[Captioned web image data]
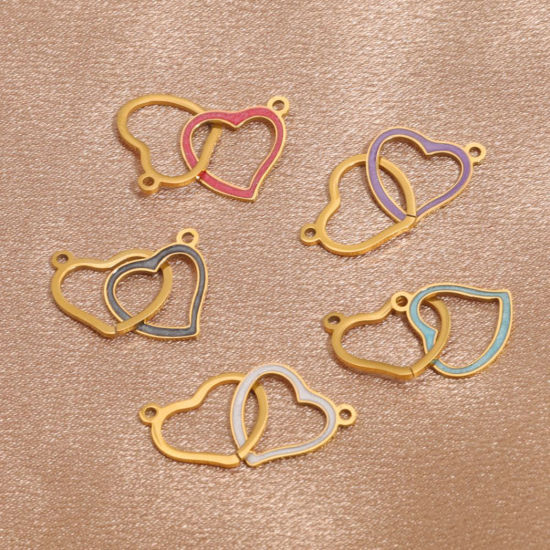 Imagen de 304 Acero Inoxidable Conectores Chapado en Oro Multicolor Corazón Esmalte 26mm x 14mm, 1 Unidad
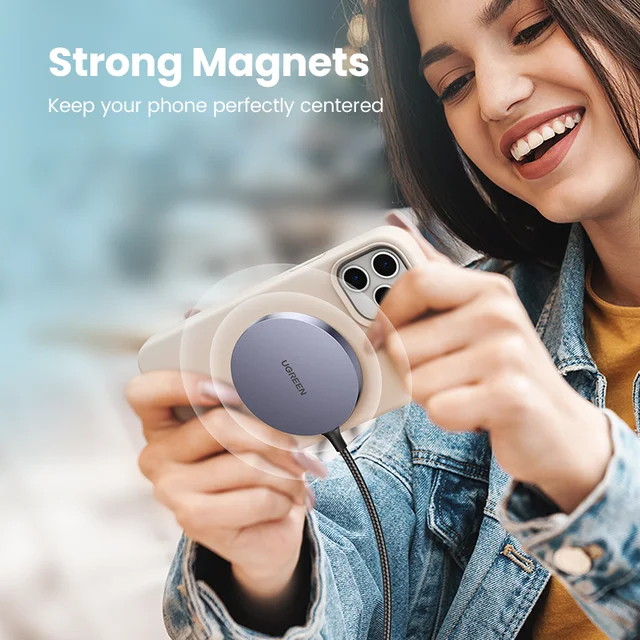 UGREEN – chargeur magnétique sans fil à Induction pour iPhone, coussinet de chargement sans fil pour téléphone série 14 et 13 2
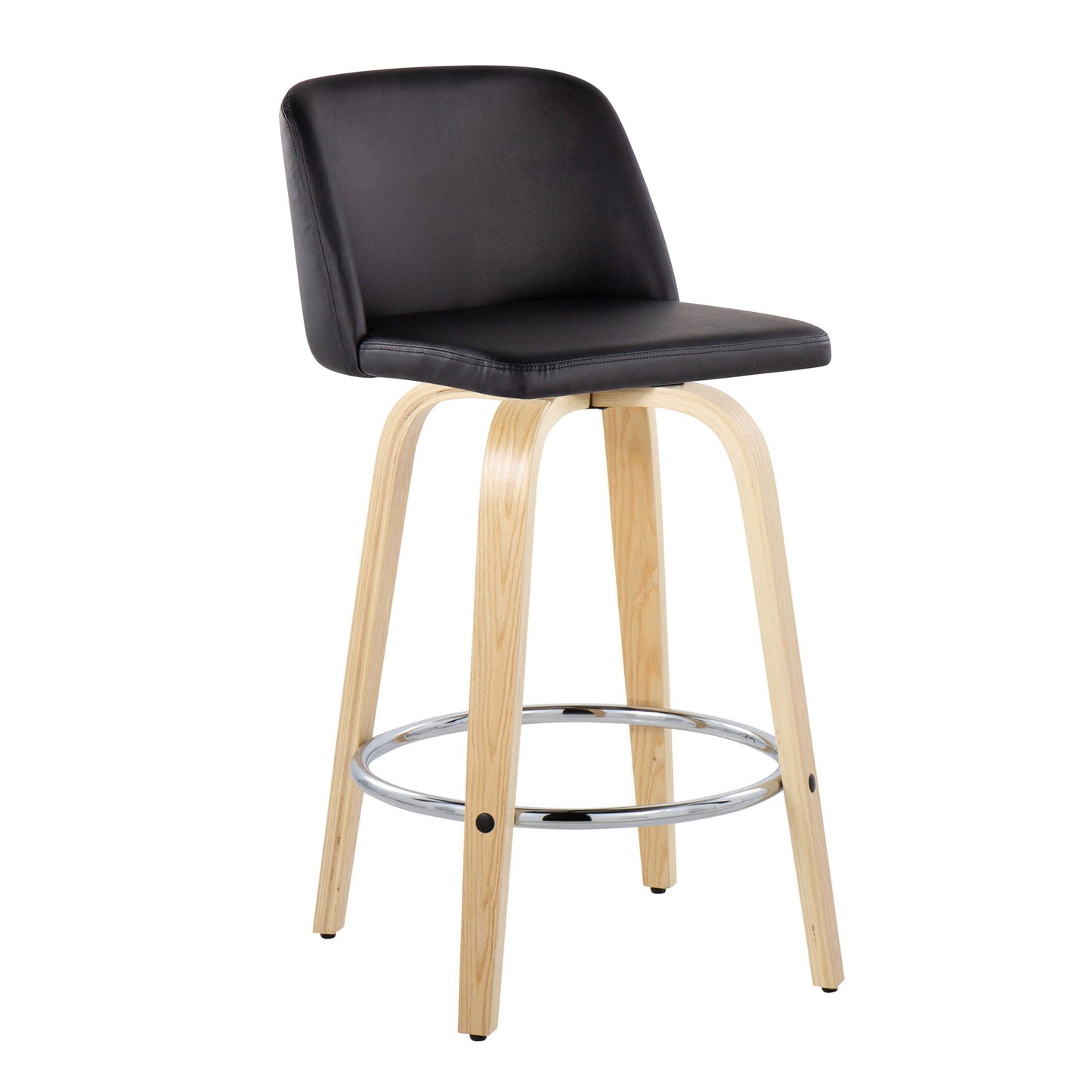 Toriano - Contemporary Fixed-Height Counter Stool With Swivel And Round Footrest (Set of 2)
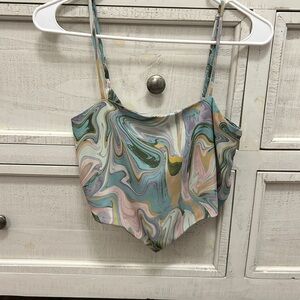 Heart Hips Multicolor Swirl BandanaCrop Top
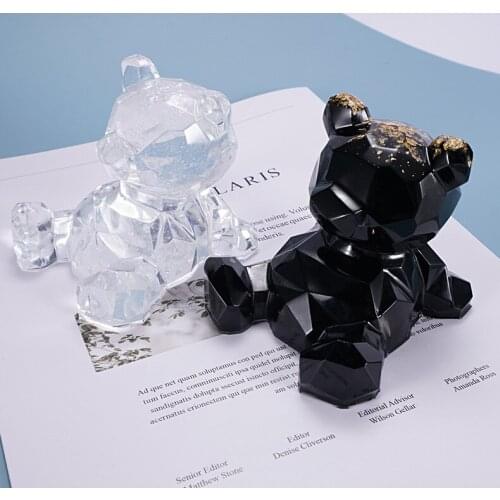 DIY Bear Resin Mold Three-dimensional Geometric Bear Crystal Epoxy Mold Decoration Cartoon Little Rilakkuma Silicone Mold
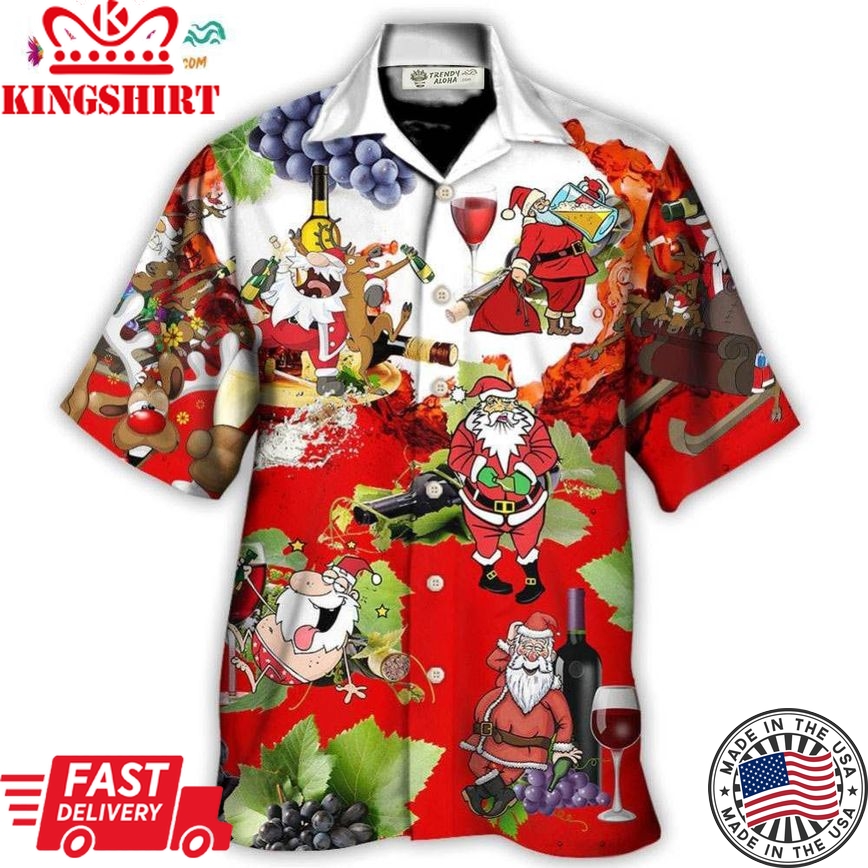 Christmas Santa Get Drunk At Christmas Party Hawaiian Shirt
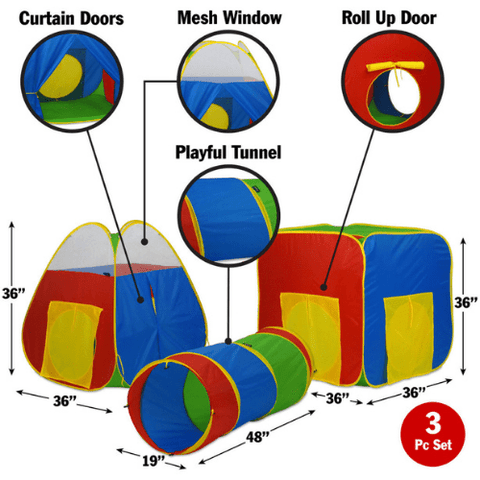 GigaTent Play Tents & Tunnels Play Tent Includes One Cube One Pyramid Tent & One Tunnel by Gigatent 815886012531 CT 098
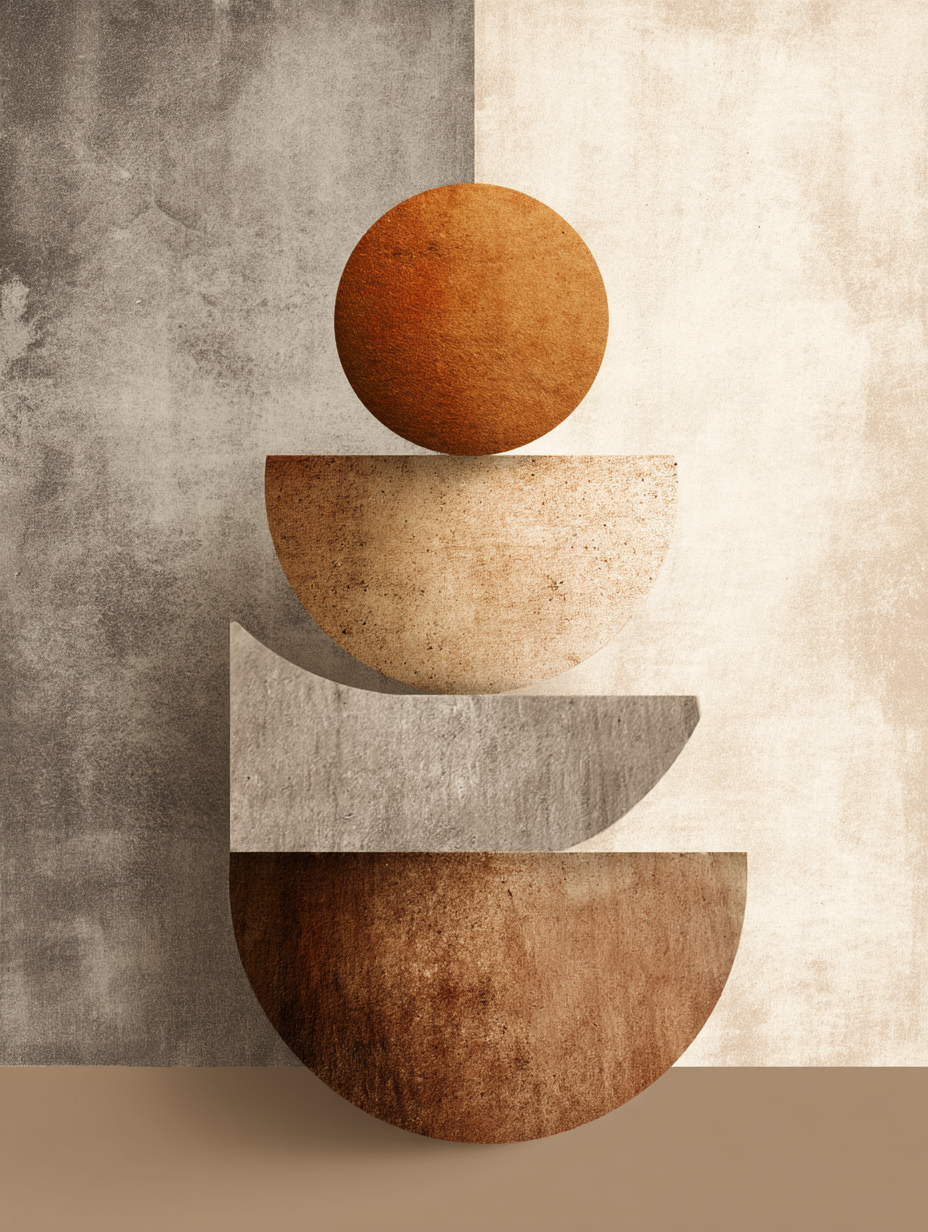 Geometric balance in earthy tones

## What you have to do
Write out each line exactly, from the one containing "Heart Hips Multicolor Swirl BandanaCrop Top" through the end of the entries, and skip the pictures.

## Expected answer
 Heart Hips Multicolor Swirl BandanaCrop Top
 DIY Bear Resin Mold Three-dimensional Geometric Bear Crystal Epoxy Mold Decoration Cartoon Little Rilakkuma Silicone Mold
 Christmas Santa Get Drunk At Christmas Party Hawaiian Shirt
 GigaTent Play Tents & Tunnels Play Tent Includes One Cube One Pyramid Tent & One Tunnel by Gigatent 815886012531 CT 098
 Geometric balance in earthy tones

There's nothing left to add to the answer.